#### Your assignment:
Take the records below from their first line through the line holding "THANK YOU @queenscaferdg", and set each of those lines down exactly, without pictures.

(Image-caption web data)
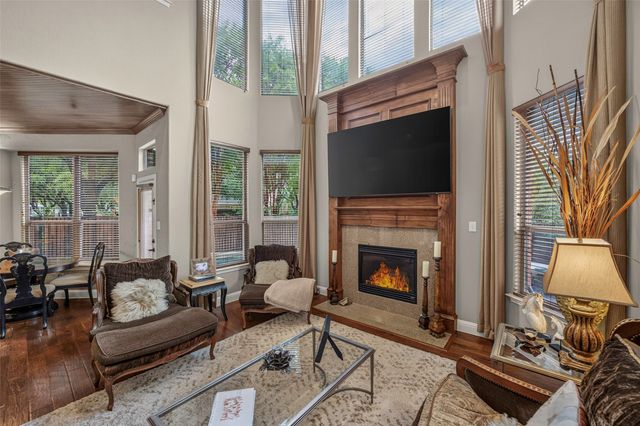 6820 River Park Circle, Fort Worth, TX 76116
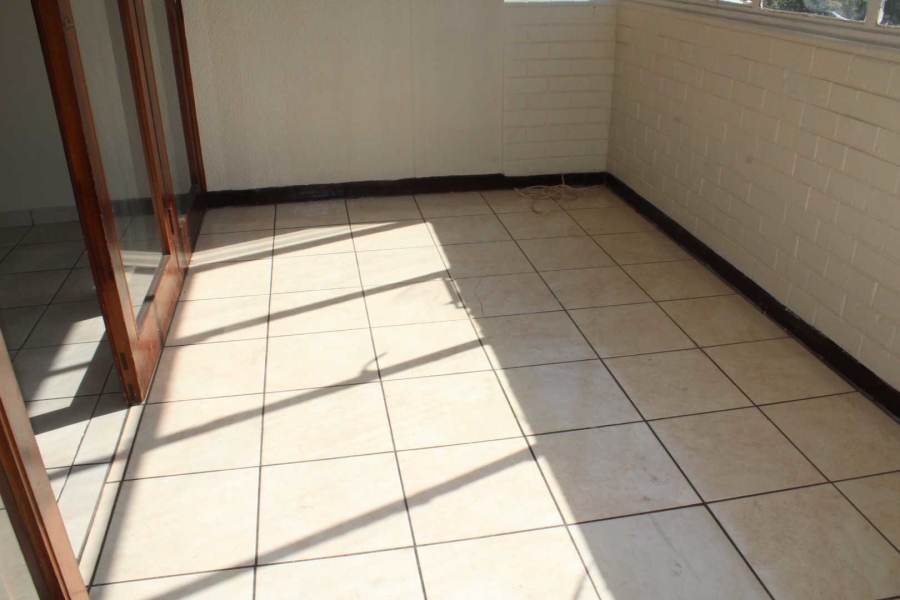 To Let 2 Bedroom Property for Rent in Sunnyside Gauteng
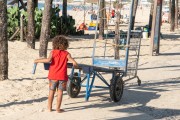 Child working on Copacabana Beach - Child labor - Rio de Janeiro city - Rio de Janeiro state (RJ) - Brazil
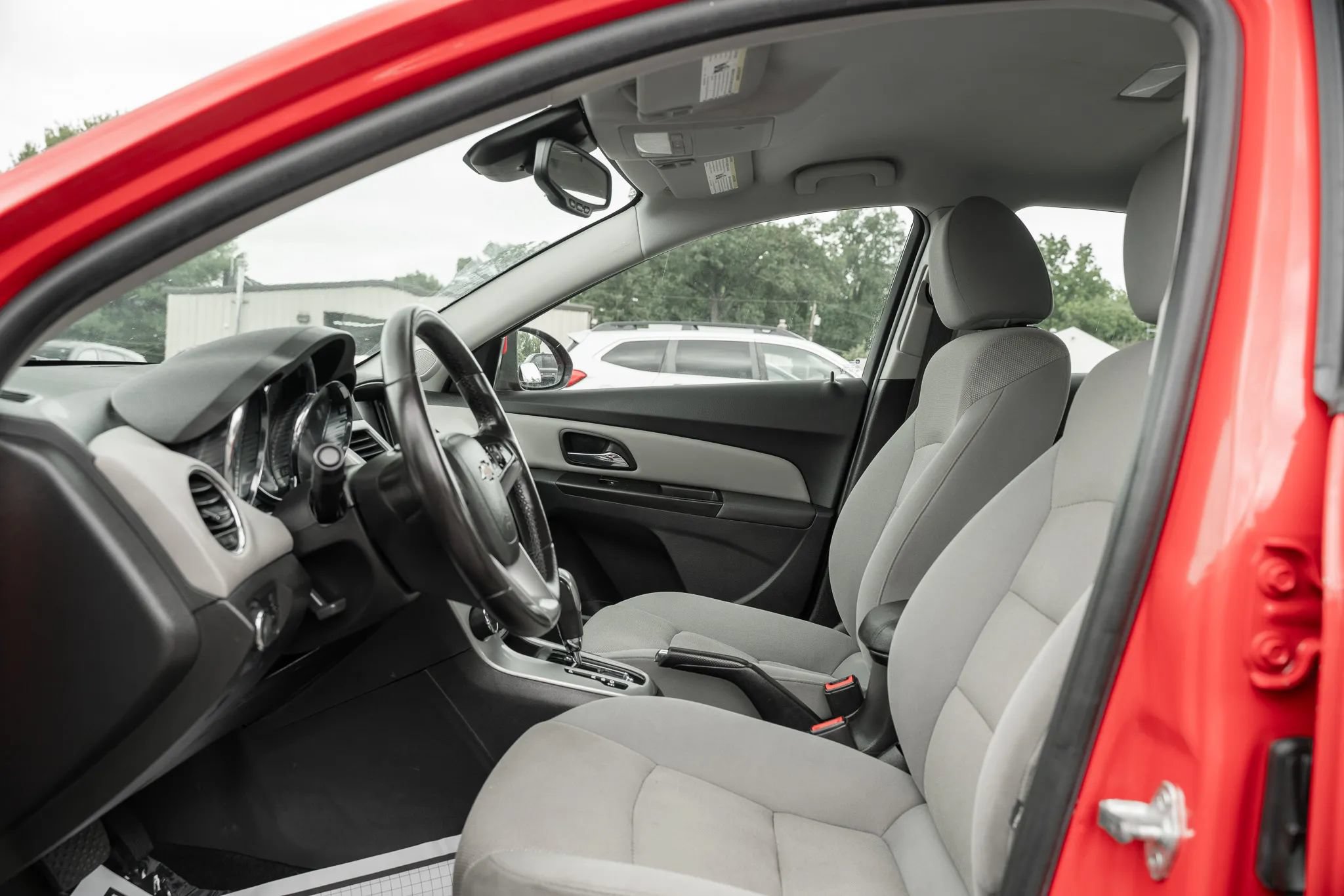 Used 2014 Chevrolet Cruze LT w/ RS Package FWD image 7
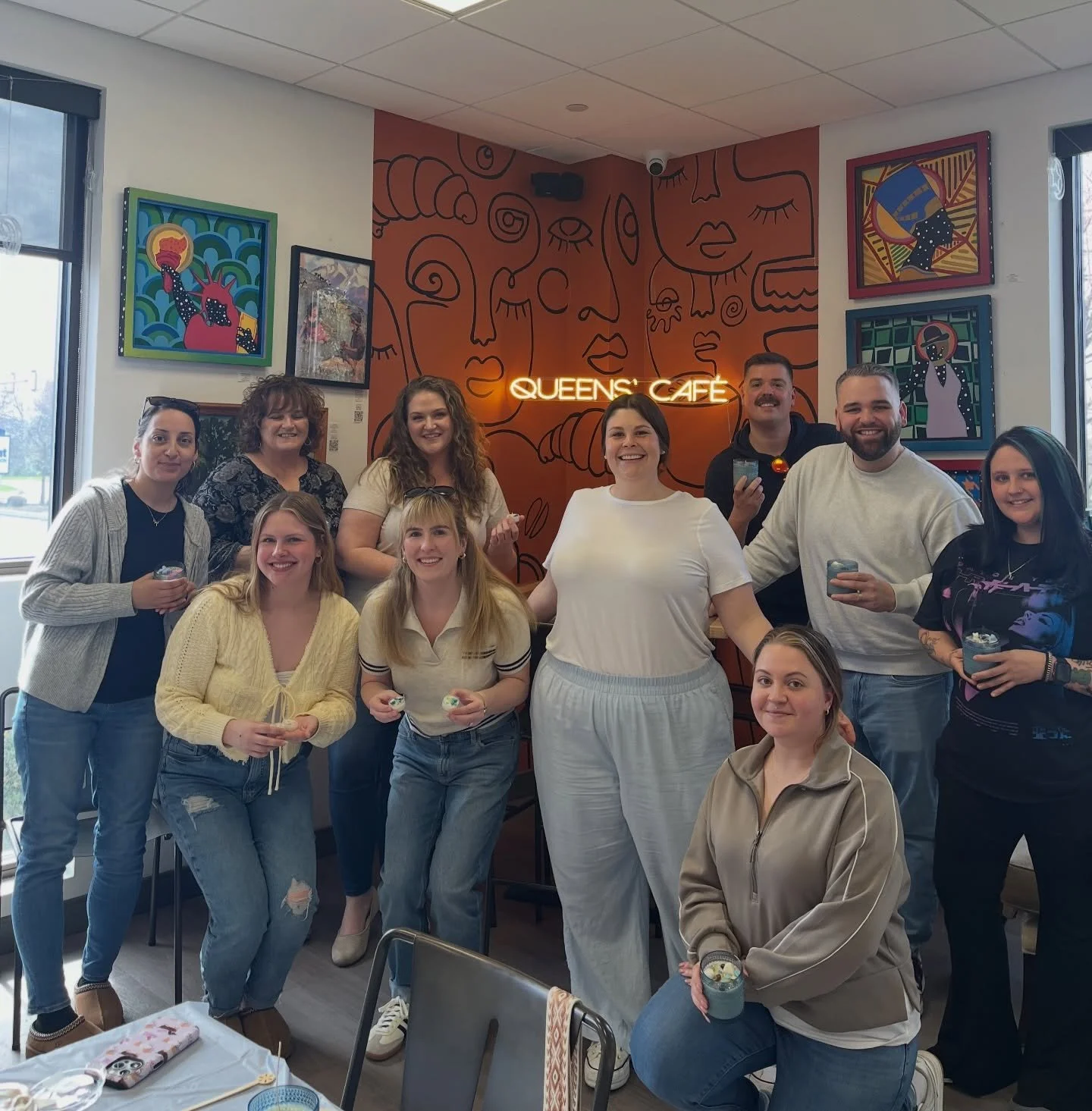 THANK YOU @queenscaferdg and everyone who came out to craft this afternoon! The lattes were flowing, the space was phenomenal, and we had such a good time hanging.

First workshop with a new jar switching it up and keeping things fresh. Thank you all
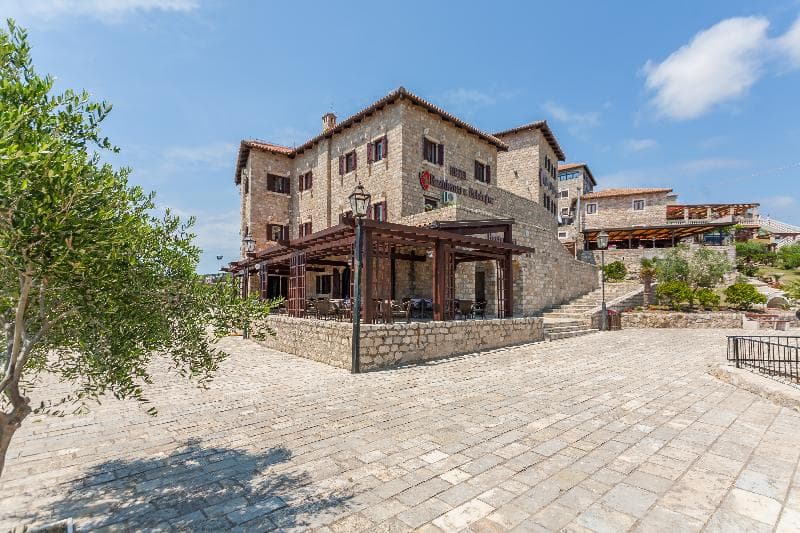 Hotel Kulla e Balshajve 5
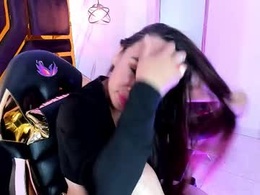 Screen Grab from goddess_dakota8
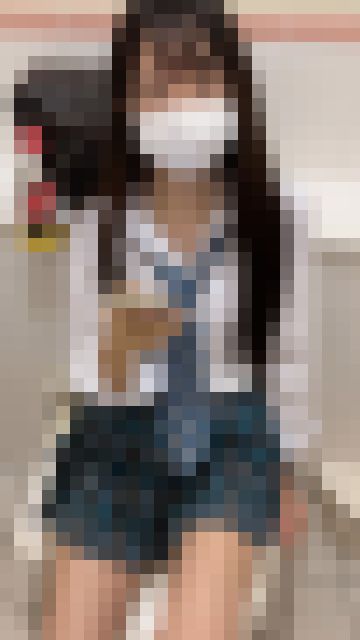 ミニスカ青チェのパンチラが見たいから個室トイレへ連れ込んだ サンプル画像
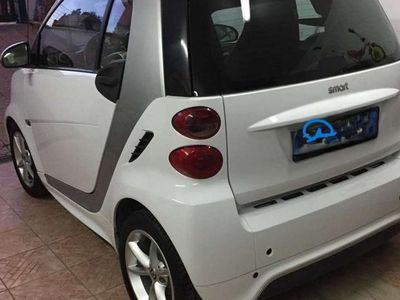 usata Smart ForTwo Coupé forTwo1.0 mhd bianca lim 70cv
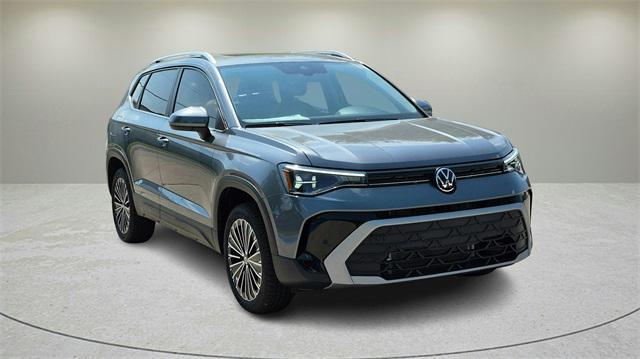Photo of 2025 Gray Volkswagen Taos
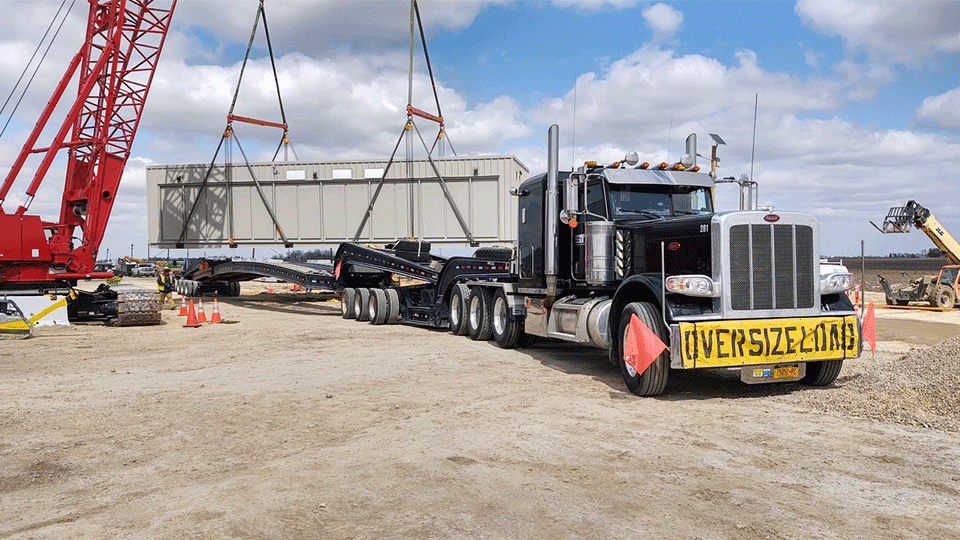 What Does a Freight Broker Do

#### Written solution:
 6820 River Park Circle, Fort Worth, TX 76116
 To Let 2 Bedroom Property for Rent in Sunnyside Gauteng
 Child working on Copacabana Beach - Child labor - Rio de Janeiro city - Rio de Janeiro state (RJ) - Brazil
 Used 2014 Chevrolet Cruze LT w/ RS Package FWD image 7
 THANK YOU @queenscaferdg and everyone who came out to craft this afternoon! The lattes were flowing, the space was phenomenal, and we had such a good time hanging.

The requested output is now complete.